2/ In brief, the petitioner’s case is that it is engaged in the business of manufacturing and marketing of various packaged products including ‘noodles’ and ‘pasta’ under the brand name ‘Sunfeast’. The Food Safety Officer, Dewas had taken sample of ‘Sunfeast Yippee Noodles Magic Masala’ from retail premises of M/s Neelkamal Multi Trade Pvt. Ltd. on 1.6.2015 and had issued notice in Form VA under Rule 2.4.1 (3) of Food Safety and Standard Rules, 2011 to the retailer only. The sample was submitted for analysis to the Food Analyst, State Food Testing Laboratory, Bhopal and the report dated 4.7.2015 was obtained, in which no Monosodium Glutamate (MSG) was detected yet the Food Analyst in the report dated 22.12.2015 declared the samples to be misbranded on the ground that mentioning of ‘No MSG Added’ is misleading under Regulation 2.3(1)(5) of the Packaging and Labelling Regulation. The further case of the petitioner is that sanction for prosecution was wrongly granted by order dated 28.5.2016 by the designated officer and in pursuance to the said sanction the Food Safety Officer, Dewas had preferred a complaint before the Court of Additional District Magistrate- cum-Adjudicating Officer, Dewas alleging violation of Section 26(1),(2)(ii)(v), 3(zf)(A)(i), of the Food Safety and Standards Act, 2006 and Regulation 2.3(1)(5) of the Packaging and Labelling Regulation and being liable under Section 27(1) of the Act and punishable under Section 52 and Section 58 of Food Safety and Standard Act, 2006. The petitioner was issued notice by the Adjudicating Authority and the petitioner by appearing before the Adjudicating Authority had filed objection with respect to the maintainability of the complaint and prayed for dropping the proceedings on the ground that charge was not made out. By the order dated 26.7.2016 the Adjudicating Officer has rejected the objection and has held the complaint to be maintainable.

3/ Learned counsel for the petitioner submits that since no MSG was detected in the laboratory test of the sample, therefore, it is not a case of misbranding. He further submits that the petitioner had neither added MSG nor its natural presence was found, therefore, prosecution cannot be sustained. He has also submitted that the sanction was granted by the concerned authority mechanically without application of mind.

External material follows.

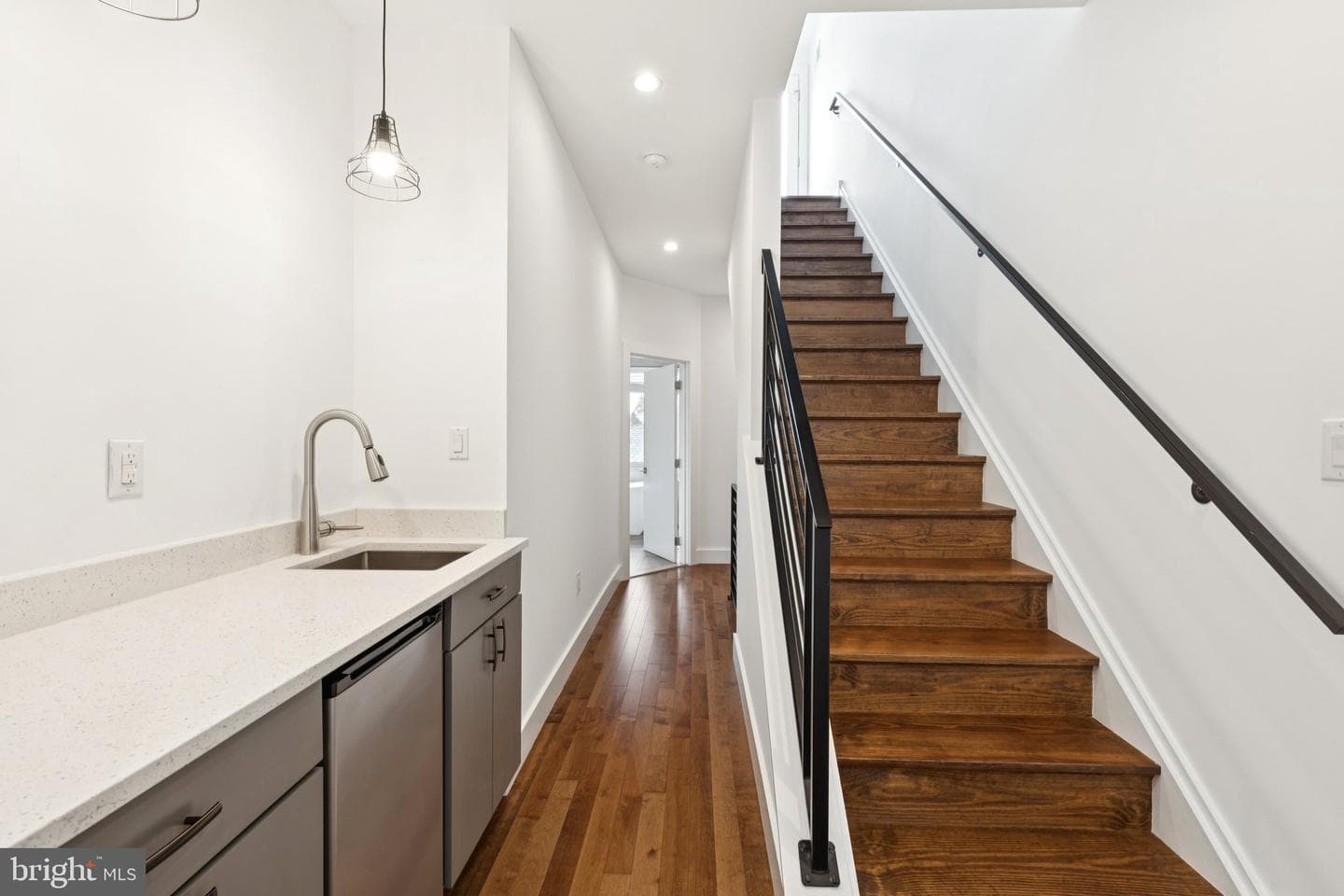 834 N Orkney Street photo 49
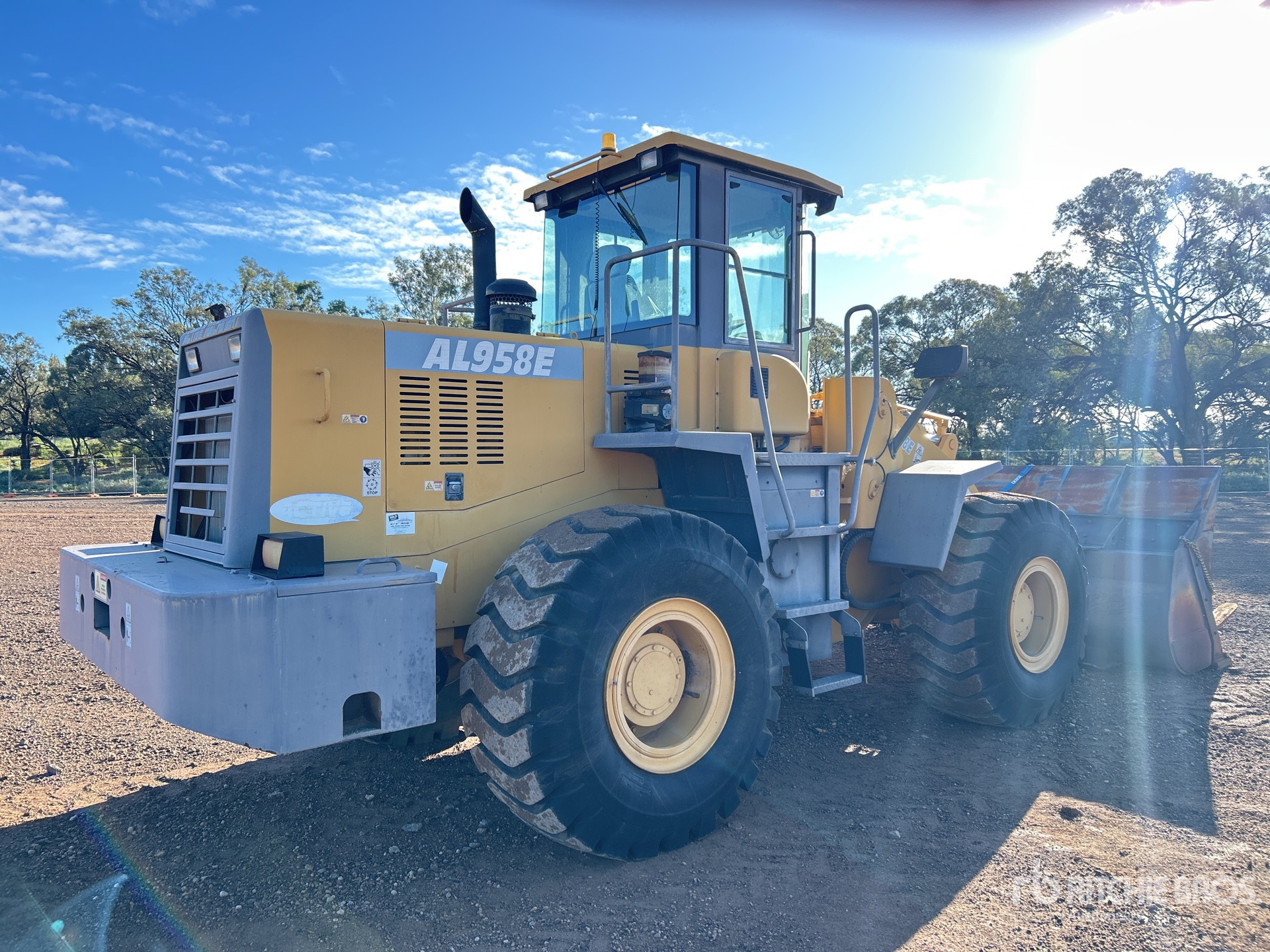 General Appearance with Picture, Right Rear Corner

4/ As against this, learned counsel for the respondents has supported the impugned action submitting that the petitioner had mentioned in the label that “No MSG Added” which was misleading since no negative declaration could be given and the petitioner could only mention the contents which were present on the label and could not have mentioned the contents which were not present.

5/ I have heard the learned counsel for the parties and perused the record.

6/ On the perusal of the record, it is noticed that the petitioner is sought to be prosecuted under the provisions of the Food, Safety and Standard Act, 2006 (for short “the Act”) and the F.S. & S. (Packaging and Labelling) Regulations, 2011 (for short “the Regulations”) on the ground of misbranding the product namely ‘Sunfeast Yippee Noodles Magic Masala’. The sample collected by the Food Safety Officer and analyzed by the Food Analyst was sent to the notified laboratory and its report was obtained vide Annexure P/2. The report reveals that ‘No MSG’ was detected in the sample. In the reply also the respondents have admitted that as per the report of the Food Analyst MSG content was not found in the sample. The petitioner is being prosecuted only on the ground that printing of declaration ‘No MSG Added’ in the sample label was misleading under Regulation 2.3(1)(5) of the Regulations and it was misbranding under Section 3(ZF)(A)(i) of the Act.

7/ The order sanctioning prosecution reveals that the petitioner is being prosecuted for violating Section 3(zf)(A)(i), Section 26(1)(2)(ii), (v) of the Act and regulation 2.3(1)(5), 27(3)

(c), 27(2)(c) of the Regulations and is said to have committed offence punishable under Section 52 & 58 of the Act.

8/ The entire prosecution is based upon the report of the Food Analyst, hence the issue is if mere mentioning of ‘No MSG Added’ in the label coupled with the fact that actually No MSG was found in the sample, can be held to be misbranding.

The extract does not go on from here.